むしろ、彼女は、主のみことばによって生きていると言って良いのではないでしょうか。
 
 最後、46節ではリベカはイサクに提案をします。それはヤコブをハランへ住まわせるということです。しかしエサウに狙われているからだとは言わずに、もう一つの理由だけを告げます。それは、エサウの考え方、価値観の中にヘテ人の妻たちによってもたらされた異教の影響を見たからだと私は推察します。それが、さらにヤコブにももたらされたとしたら、ヤコブにとって決して良くないからです。
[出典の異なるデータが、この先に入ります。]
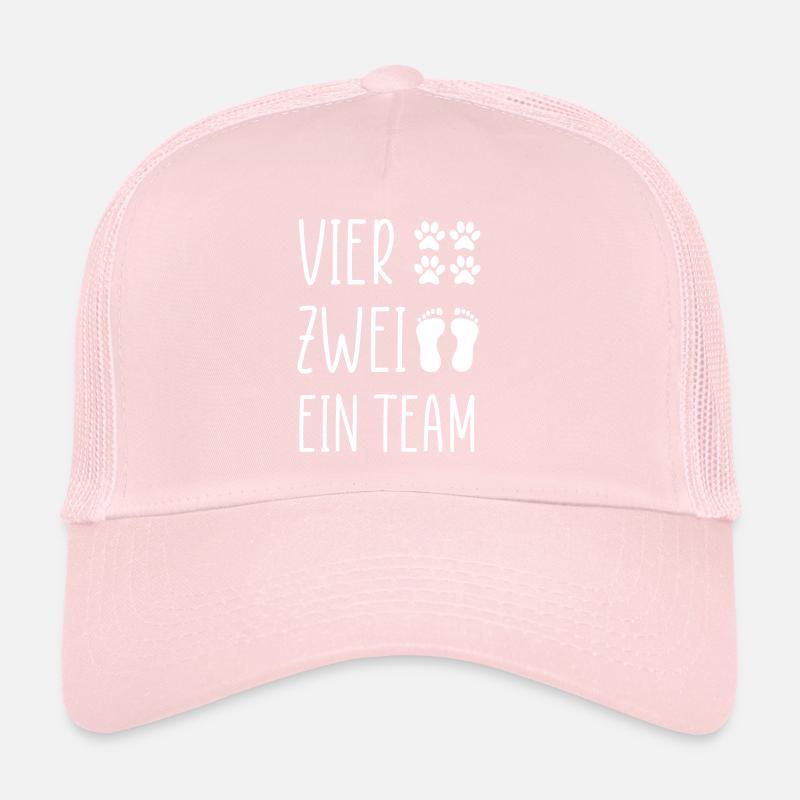 Vier Pfoten Zwei Füße ein Team Trucker Cap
それは、これからもアブラハムのように、主なる神だけを礼拝し、主のみことばに聴いていく民を形成することが、その家督を受け継ぐヤコブの務めだからです。
 
 リベカが、46節で「私はヘテ人の娘たちのことで、生きているのがいやになりました」と言ったのは、エサウとその妻たちが、主のみことばをないがしろにする「おのれの剣によって」生きる姿に心から嫌気がさしていたからでしょう。
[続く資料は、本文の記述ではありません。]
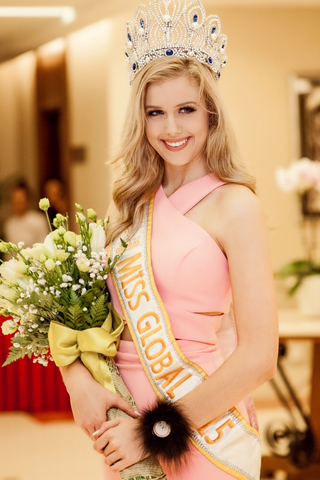 Miss Global 2015 Jessica Peart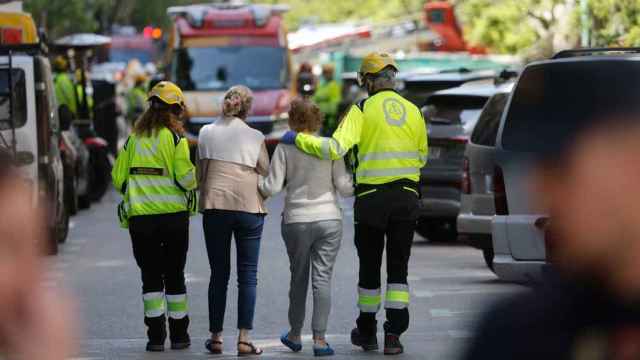 Los servicios de emergencia atienden a los vecinos del edificio de Madrid en el que se registró la explosión / EFE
 それは、もはや恨みや憎しみだけではなく、主のみことばを無視した、自分の力、自分の知恵、この世の権力、価値観などに支配されて生きるということ、そこに生きる希望を失わせる闇の力があるということです。
 だからリベカは益々、「おのれの剣によって」ではなく、もう一つの「剣によって生きる」方をヤコブに望んだ。だから少しでも主のみことばを大切にできる場所ハランにヤコブを住まわせようとしたのです。
 
 
結び
 そうです。「剣によって生きる人」とは二種類あります。ひとつはこれまで見てきたエサウに見る「おのれの剣によって生きる人」。そしてもう一つの剣とは、なんでしょうか。それが主の剣です。すなわちパウロがエペソ人への手紙で「御霊の与える剣である、神のことばを受け取りなさい」と言っているように、主のみことばのことです。神のことばがもう一つの剣なのです。
 
前々回の説教では「みことばを生きた人」という表現を使いましたが、ここでは40節の「剣によって生きる」とあるように、主の剣である「みことばによって生きる人」とあえて呼びたいと思います。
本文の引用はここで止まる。